First, have you read my post Help for New Screenwriters? If not, please check it out – I wrote that post with first-time writers in mind.

Done reading but still want to sell your first screenplay?  Don’t take this the wrong way, but it is highly unlikely that your first screenplay will be at the level it needs to be to sell.

Screenwriting is complicated art that – like anything – takes many years and many screenplays to get any good at. I’m not trying to discourage you.  If you love writing screenplays, you should keep doing it.

The key word in that last sentence is “screenplays,” with an “s.” Get a few scripts under your belt before you start pounding the pavement.  You can always come back to that first screenplay and make it better.

And believe me, it can always be better. (Don’t believe me?  Send your script through one of my screenwriting services and I’ll show you just how much better it can be. :))

But if, in spite of my warnings, you’re STILL determined to sell that first screenplay, well, fine.  To answer your questions, in general, there aren’t hard and fast rules about treatments, just general guidelines.  The best way is to find five or six examples and pick the best one for you.

As for query letters, I’ve written about that on my site.  Check out one of my most popular posts: How to Write a Query Letter

However, my specialty is helping you make your screenplay so good it should sell itself, NOT teaching you how to sell screenplays.  My friend Ashley has dedicated his entire site to the question of selling your screenplay.  Check out his site and especially the post How to Sell Your Screenplay (in a Nutshell)

If you’re a new screenwriter, I’m honestly not trying to discourage you.  I hope you do catch the screenwriting bug and pound out two, three, four screenplays a year…

Then you’re begin to understand how much there is to learn.  :)



6 Responses to Selling Your First Screenplay

  1. Lin says:

    Good points, but writers have sold first screenplays. I don’t know if it’s a good idea to suggest that “any” first screenplay, regardless who wrote it, will not be good enough to sell. I think it depends on the writer, their talent level, understanding of the craft, etc. A more accurate statement would probably “not likely” to sell.

    Also, with screenwriting being so subjective, how can you say for sure that you can make anyone’s screenplay better? Better definitely or better in your opinion? I don’t ask this to be disrespectful or sarcastic. It’s a real question.

    What qualifies you to say you can make anyone’s screenplay so good it will sell itself?

  2. Eric says:


    Thanks for the response.

    I agree, it is possible to sell your first screenplay, and there are some very famous examples of “first” screenplays selling, so it happens once in a blue moon…which is why I wrote, “highly unlikely.”

    Can I make every screenplay better, or was that just a snappy sales line I thought I’d throw in there? :) Ha. Well, you’re right – I HAVE read a few screenplays that I probably couldn’t make BETTER, just DIFFERENT, or subjectively better.

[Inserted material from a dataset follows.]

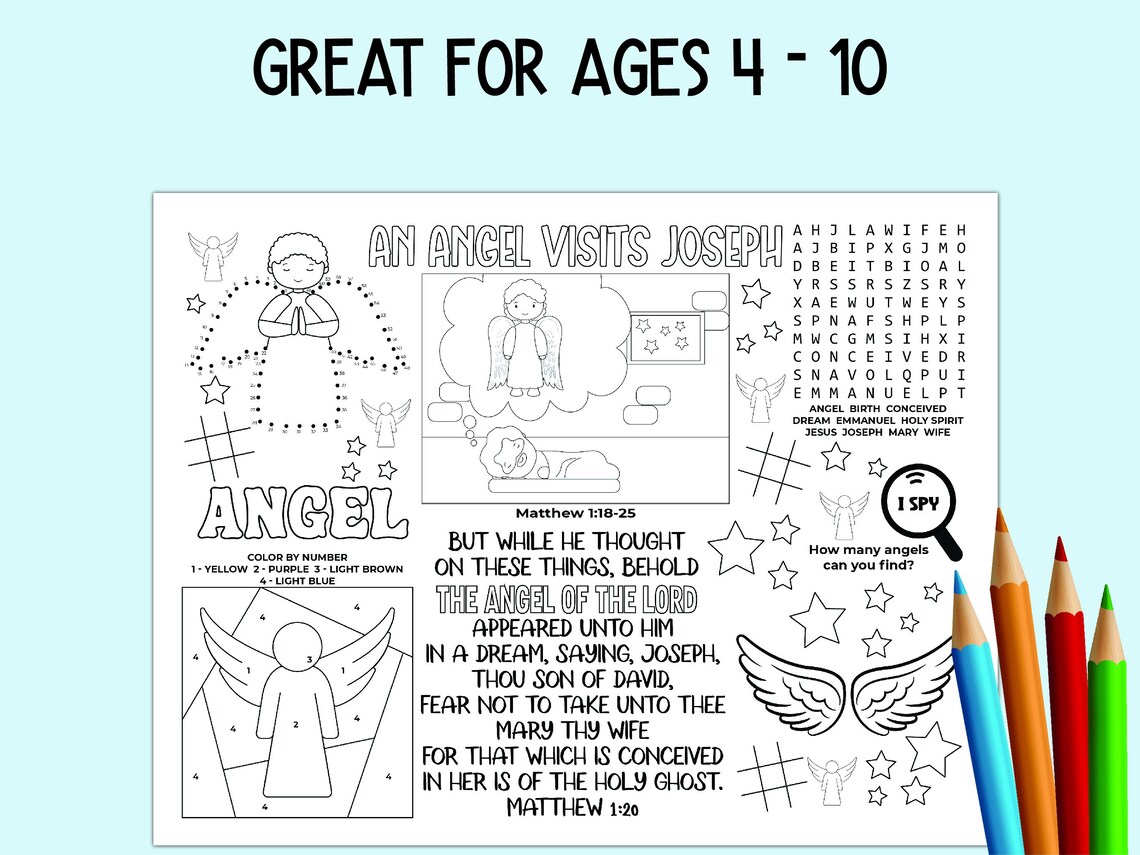 An Angel Visits Joseph Activity Sheet, Children's Church Activity ...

But by a “few” I mean a “few” out of more than a thousand. So the odds are pretty high that the screenplay can be improved.

    And most professional screenwriters will tell you that it takes many, many drafts of a screenplay to get it to a place where it can sell. So when I get a script from a writer who says, “This is the first / second draft of my first screenplay,” the odds are very, very low (but not impossible…) that it CANNOT be improved.

    To answer your last question, I said that my specialty was helping you, the writer, make YOUR screenplay so good that it SHOULD sell itself, not that I would do it. I’m here to help, motivate, guide, and give you the tools to do it yourself. And even then, of course, there are no guarantees.

    Which is one of the reasons I’d rather new screenwriters understand that it’s a long process, not an easy path to wealth and fame. And that the most important part is that you ENJOY it.

    As for what qualifies me to say any of this, including how , I’m a script reader and produced screenwriter. Have you read Who the Heck is Script Doctor Eric?

    Hope that helps, and sorry for the mistakes and the long winded nature of this response. As a famous writer once said, “Apologies for the lengthy replay – I didn’t have time to write something short.”


    • Gary says:


      Don’t you mean on your reply “The odds are very low that it cannot be SOLD”? You wrote the odds are low it cannot be “improved”.

      Just noticed, and thought I’d point that out.

      • Eric says:

        Hi Gary,

        Sorry, I was writing quickly and a few ideas may have been thrown out all at once.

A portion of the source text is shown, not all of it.